Kala itu, Shireen sedang mengenakan rompi pers dan berdiri bersama wartawan lain. Menurut Kepala Departemen Kedokteran Universitas al-Najah di Nablus, Shireen ditembak di bagian kepala. Selepas itu, Shireen langsung dilarikan ke rumah sakit di Jenin dalam kondisi kritis.
Tidak lama setelah kejadian tersebut, Shireen dinyatakan telah meninggal dunia pada pukul 07.15 waktu setempat.
Insiden tersebut juga melukai jurnalis Al Jazeera lainnya, Ali Al-Samoudi yang ikut terkena sasaran peluru dan mengenai area punggungnya.
Berada di tempat kejadian, Al-Samoudi mengungkapkan bahwa tidak ada konfrotasi antara pejuang Palestina dengan tentara Israel seusai peristiwa penembakan rekan kerjanya, Shireen Abu Akleh.
“Kami akan merekam operasi tentara Israel dan tiba-tiba mereka menembak kami tanpa meminta kami untuk pergi atau berhenti melakukan liputan,” ungkap Al-Samoudi, dilansir dari Al Jazeera.
“Peluru pertama mengenai saya dan peluru kedua mengenai Shireen.

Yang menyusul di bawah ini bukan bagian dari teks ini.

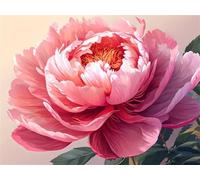 Dipingere con i Numeri Peonia rosa Quadri da Dipingere Numerati, Paint by Numbers Adulti, Colorare con i Numeri Kit Pittura Bambini con Pennelli Pigmento Acrilico Disegno Pittura 40x30cm s-9975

Tidak ada perlawanan militer Palestina sama sekali di tempat kejadian,” sambungnya.
Kepergian Shireen Menjadi Duka Mendalam bagi Pejabat Palestina hingga Rekan Kerja
Anggota parlemen Palestina, Khalida Jarrar mengatakan bahwa Shireen merupakan suara rakyat Palestina yang dibunuh oleh tentara Israel. Bahkan, ia mengatakan bahwa Shireen telah menjadi sasaran tentara Israel selama ini.
“Shireen adalah suara kami. Ini tidak bisa dipercaya. Ini adalah kejahatan, semuanya jelas – penargetan yang disengaja dan langsung. Dia sudah menjadi sasaran,” ujar Jarrar.
Salah satu mantan rekan kerja mendiang Shireen, Mohammad Hawwash, mengatakan telah mengenal sosoknya lebih dari 25 tahun. Ia menganggap Shireen sebagai sosok wanita tangguh sekaligus seorang wartawan sejati.
“Shireen adalah seorang jurnalis profesional dan tidak memihak yang menyampaikan realitas dan peristiwa apa adanya,” kenang Hawwash.